The industry response is always the same: add more validation, add more guardrails, add a second model to verify the first model's tool calls. We have built an entire secondary industry of function-call validators. A multi-billion dollar scaffolding layer to fix the problems function calling was supposed to solve.
That is the smell. A real primitive does not require another primitive to babysit it. Function calling did. That is the definition of a crutch.
Language models are not function callers. They are text generators trained on examples of function calls. There is a meaningful difference, and the industry has spent three years pretending there isn't.
A real function-calling system understands the tool, the parameters, and the consequences of invoking it. A language model has been trained on millions of JSON blobs that look like function calls and produces output that statistically resembles good function calls. When the situation is novel, the model falls back to what looks like a function call rather than what actually is one.
This is fine for demos. This is a disaster for the "agentic" workflows being sold to enterprises as the future of automation.
Less of it. Fewer tools.
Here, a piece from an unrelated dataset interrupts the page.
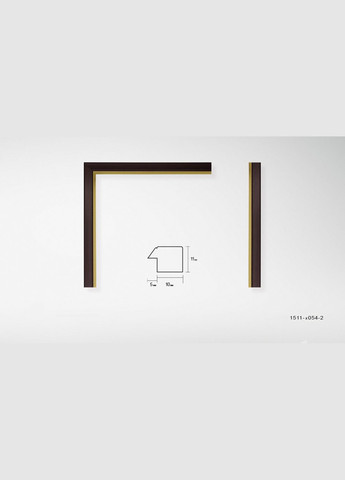 Фоторамка 21Х30, (А4), вишнева із золотою вставкою, 1511-х054-2, СКЛО + КАРТОН No Brand (307061005)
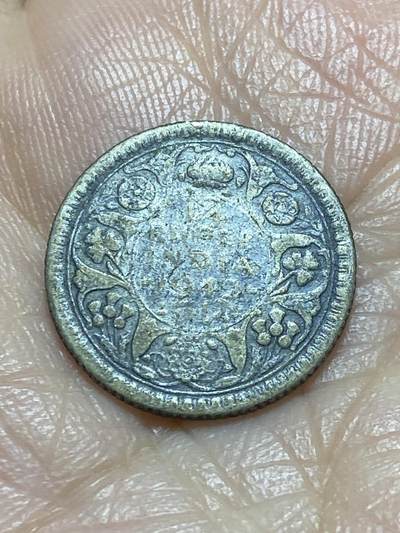 2025年第一百一十九场(总第一百四十五场）外国好品散币(免佣金) - 英属印度1942年1/4卢比银币(乔治六世第四版，500银)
Narrower scope. Deterministic code paths for the things that should be deterministic, and language models for the things that benefit from language understanding.
The teams that stopped trying to build agents with twenty tools and started building systems with one or two carefully scoped tool calls per task are shipping reliable products. The teams still trying to build the twenty-tool agent are debugging hallucinations at 3am and rebuilding their validation layer for the third time this quarter.
Build the deterministic scaffolding first. Add language understanding inside the system, not as the spine. The agentic future is not a pile of function calls. It is carefully scoped language understanding wrapped in a deterministic shell.
Function calling is a crutch. The industry has bet the agentic future on it, and the bill is coming due. Stop building on top. Build the scaffolding. Add language understanding where it actually helps. The teams that figure this out will ship. The teams that don't will keep writing validator layers and calling it progress.